For the celiac disease community, the greatest gift of all this season is to assure full recognition of celiac disease by the medical community with rapid diagnosis and treatment for the 2.5 million Americans still undiagnosed. CDF provides hope and help to people with celiac disease and gluten sensitivity and their loved ones.
By investing in CDF, your donations, no matter the gift size, are being put to work now. Visit our “2013 Year in Review” to see how CDF puts your dollars to work.
Kathy – Undiagnosed for 50 years:
My name is Kathy. I am a 57 year-old woman living in Washington, DC. For as long as I can remember, my skin has been a mess. As a little girl, I used to lie next to my mother in my bed crying about the itchy blotches that covered my body. I would scratch them so hard that I had to wear mittens to bed. As a teenager, I would stay at home rather than go out with my friends. I can remember being diagnosed with psoriasis, eczema, allergies, and even a bad case of anxiety. Nothing helped.

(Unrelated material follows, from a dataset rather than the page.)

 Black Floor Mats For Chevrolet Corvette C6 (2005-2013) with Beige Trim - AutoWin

As an adult, it only got worse. My hair started to fall out. I spent months wrapped in gauze like a mummy. I could sometimes peel off sections of my skin like plastic wrap. My husband moved into the guest room because he said I kept him awake because I scratched loudly in my sleep. I was frustrated, depressed, and very often angry.
After seeing almost every dermatologist in the city, and being on a daily regimen of steroids, I had had enough! Finally, a friend recommended a doctor who looked at my skin and told me that he thought I had Dermatitis Herpetiformis, the skin form of celiac disease. He recommended that I get tested. I did. I tested positive for celiac disease. After a few weeks on a gluten-free diet my skin began to heal. My hair started growing back. I am buying nice clothes for the first time in my life. I am singing in a jazz band. I am traveling and enjoying my life.

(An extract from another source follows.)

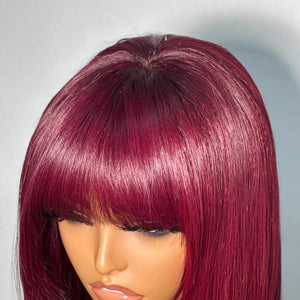 Layer Cut Straight Burgundy Bob 5x5 Lace Closure Wig With Bangs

I have made my contribution to CDF’s annual Gift of Hope Campaign. I ask you to do the same. You and I know better than anyone the consequences of undiagnosed celiac disease. By supporting CDF generously and frequently, we can help spread the word among healthcare providers and patients to increase the currently abysmal testing rates for celiac disease. Together, we can help end the suffering of an estimated 2.5 million Americans who are currently undiagnosed.
Jana – Undiagnosed for 25 Years:
I first learned about CDF shortly after being diagnosed with celiac disease. Unfortunately that diagnosis came after 25 years of illness, visits to dozens of doctors and innumerable misdiagnosis’. I was shocked and, frankly, devastated to learn that such a simple solution — don’t eat gluten — could have prevented all those years I lost to being sick. I wondered how many others where in my situation… and what I could do about it.
I wandered into CDF’s offices unannounced. The founder Elaine Monarch was in and stopped everything to talk to me. Really… files sat unopened and phones went unanswered. She shared her story and the stories of others who needlessly suffered for years without a diagnosis. I felt a little less alone that day. That day I began to support CDF. I urge you to do the same, right now.
I have made my contribution to CDF’s annual Gift of Hope Campaign. You and I know better than anyone the consequences of undiagnosed celiac disease. Together, we can help spread the word among healthcare providers and consumers to increase the currently abysmal testing rates for celiac disease. Together, we can help end the suffering of an estimated 2.5 million Americans who are currently undiagnosed.